# Problem details
Output, exactly as written, the lines below from the one that has "Paloma Adrados, expresidenta" through the one that has "2022 - kia k3"; nothing else, and no pictures.

# Supplied records
"""
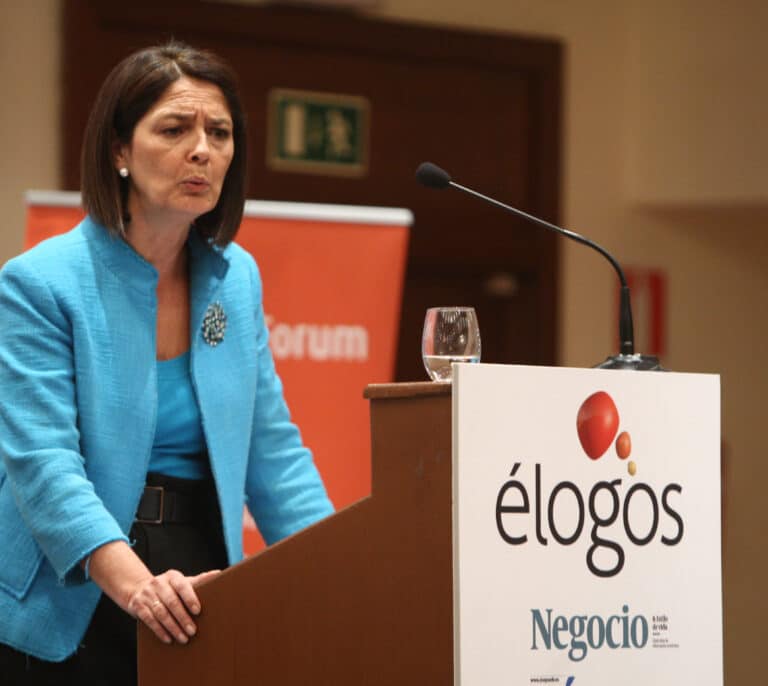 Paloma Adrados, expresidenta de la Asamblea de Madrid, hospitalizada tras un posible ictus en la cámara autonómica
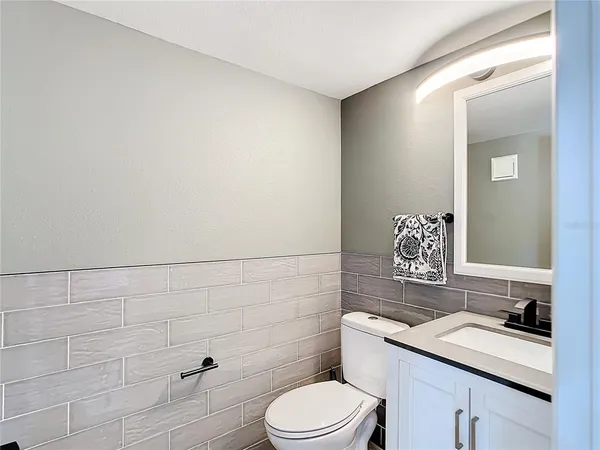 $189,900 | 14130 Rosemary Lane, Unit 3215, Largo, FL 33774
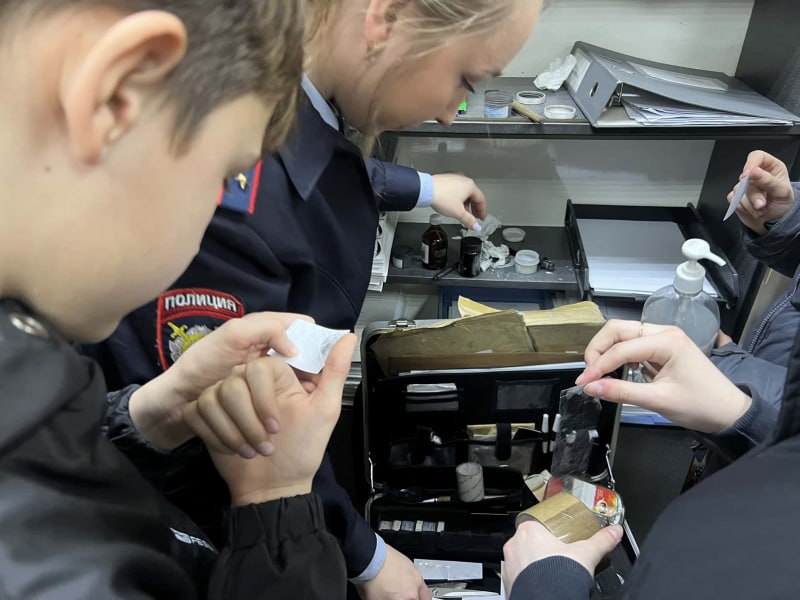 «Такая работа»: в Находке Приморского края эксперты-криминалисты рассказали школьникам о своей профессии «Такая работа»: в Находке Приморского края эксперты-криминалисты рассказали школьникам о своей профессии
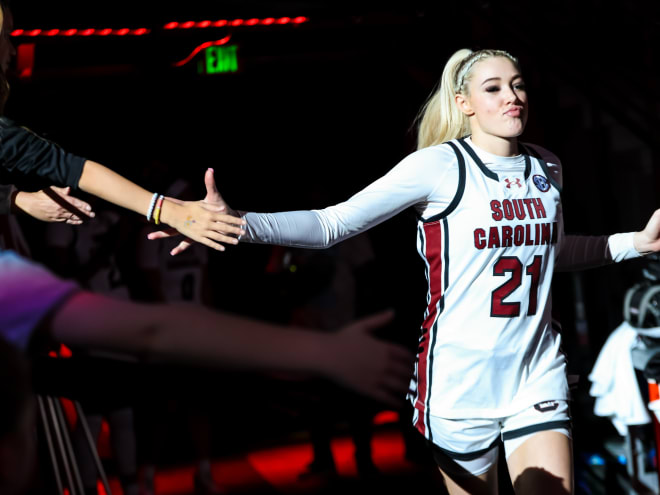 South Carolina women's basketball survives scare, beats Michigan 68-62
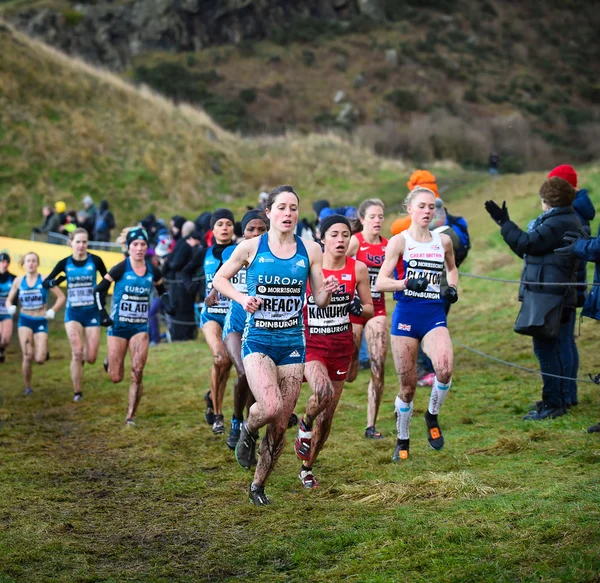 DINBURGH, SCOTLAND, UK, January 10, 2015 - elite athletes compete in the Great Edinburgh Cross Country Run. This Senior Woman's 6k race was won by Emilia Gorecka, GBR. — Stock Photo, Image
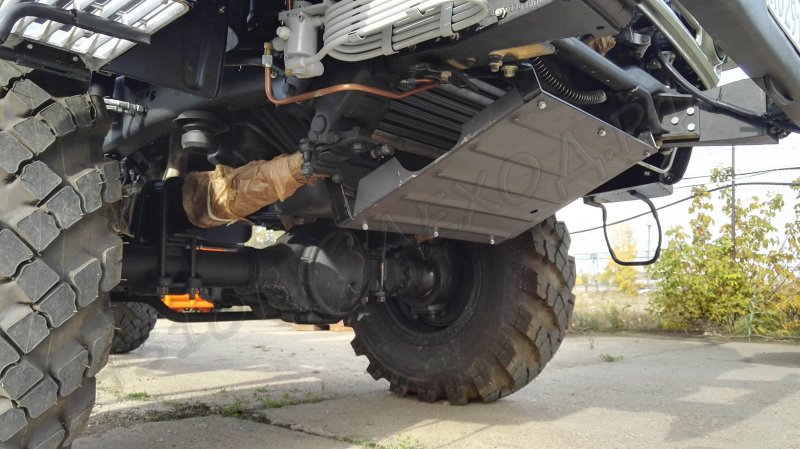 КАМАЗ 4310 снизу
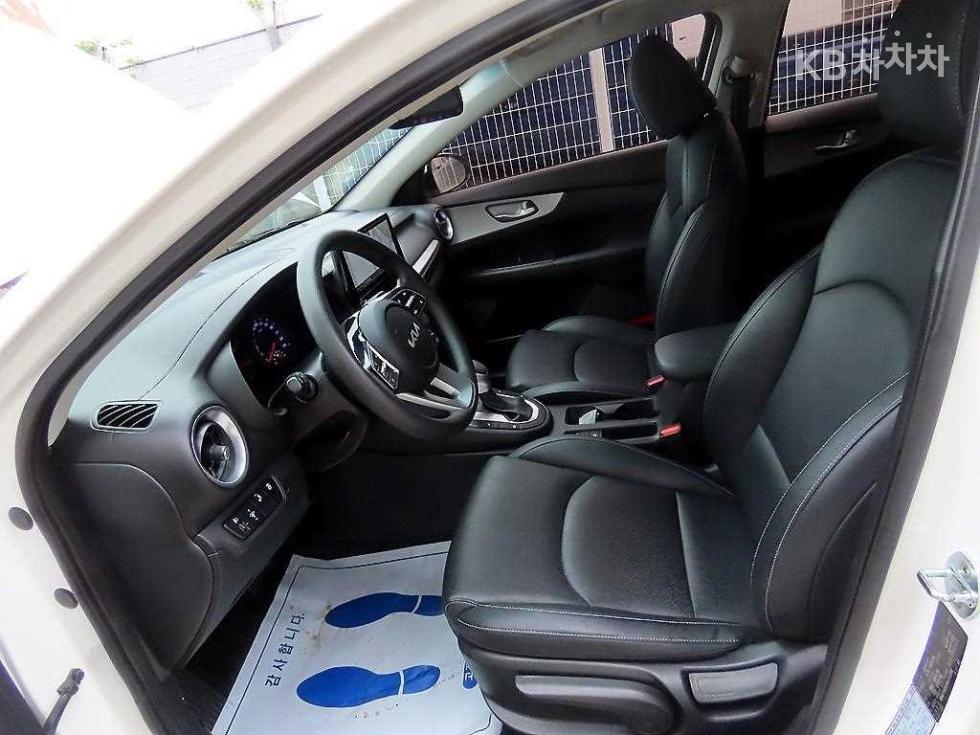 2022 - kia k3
"""
"""
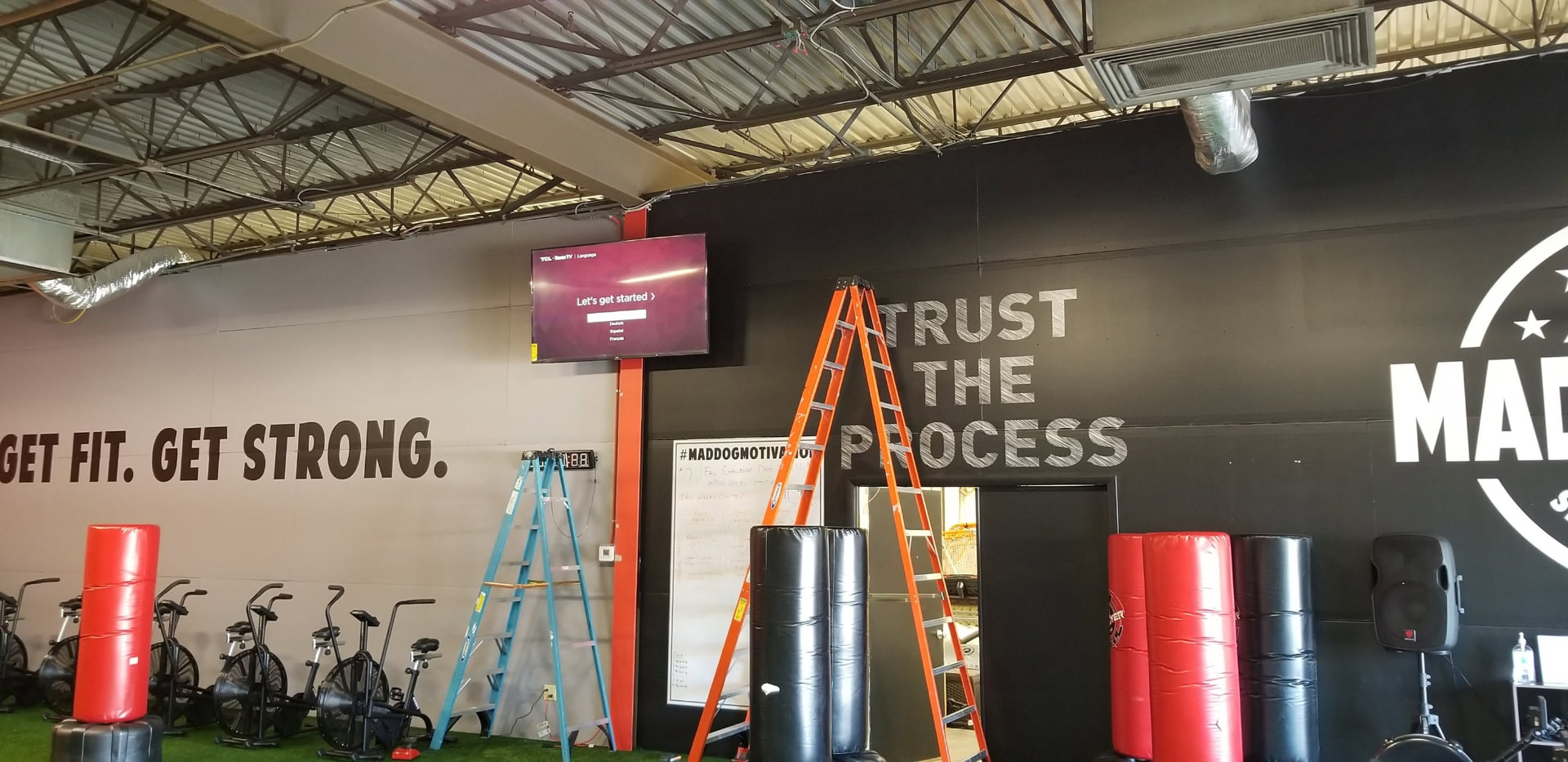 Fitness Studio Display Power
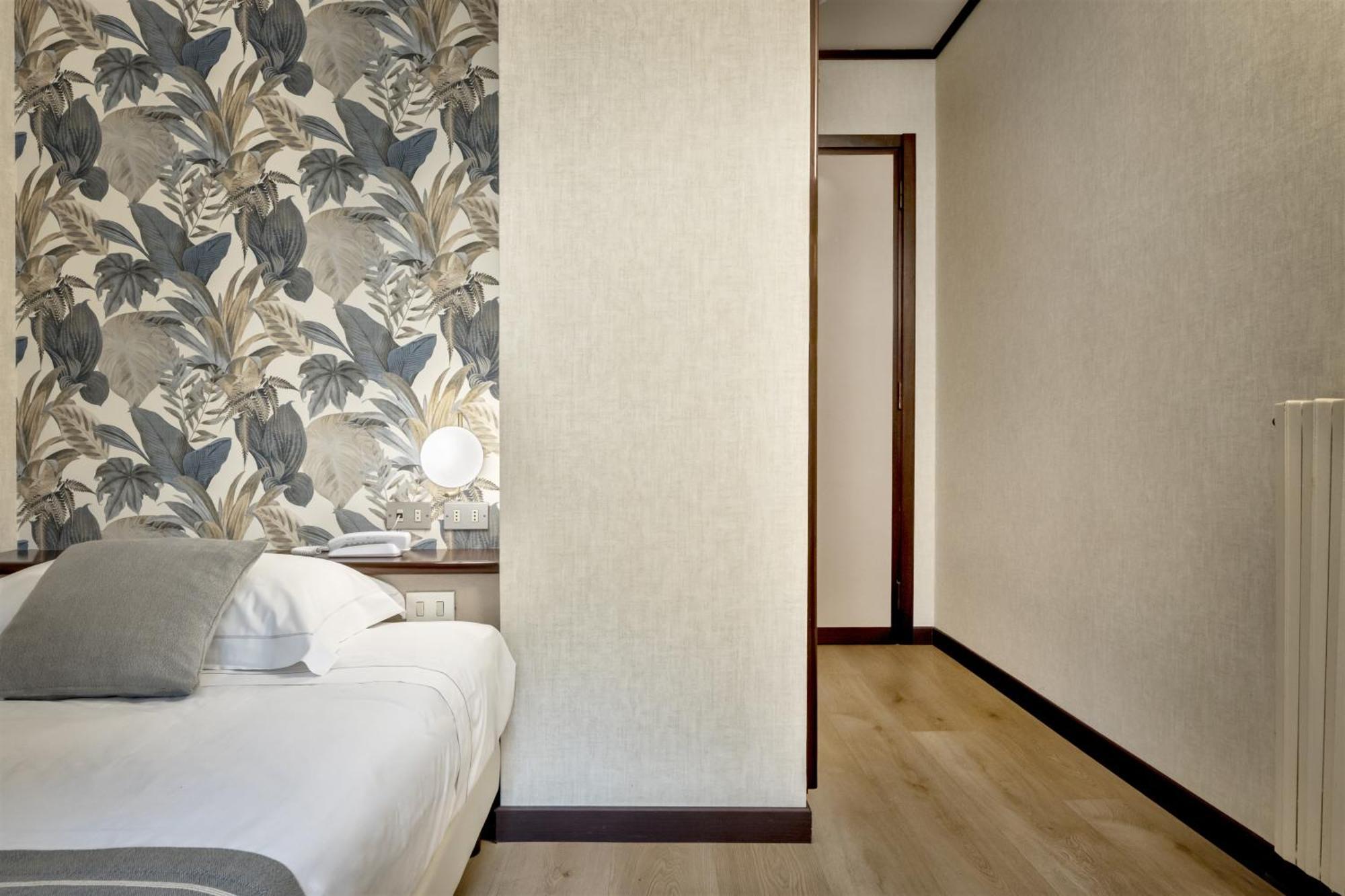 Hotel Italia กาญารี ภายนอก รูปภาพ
"""
# Problem solution
 Paloma Adrados, expresidenta de la Asamblea de Madrid, hospitalizada tras un posible ictus en la cámara autonómica
 $189,900 | 14130 Rosemary Lane, Unit 3215, Largo, FL 33774
 «Такая работа»: в Находке Приморского края эксперты-криминалисты рассказали школьникам о своей профессии «Такая работа»: в Находке Приморского края эксперты-криминалисты рассказали школьникам о своей профессии
 South Carolina women's basketball survives scare, beats Michigan 68-62
 DINBURGH, SCOTLAND, UK, January 10, 2015 - elite athletes compete in the Great Edinburgh Cross Country Run. This Senior Woman's 6k race was won by Emilia Gorecka, GBR. — Stock Photo, Image
 КАМАЗ 4310 снизу
 2022 - kia k3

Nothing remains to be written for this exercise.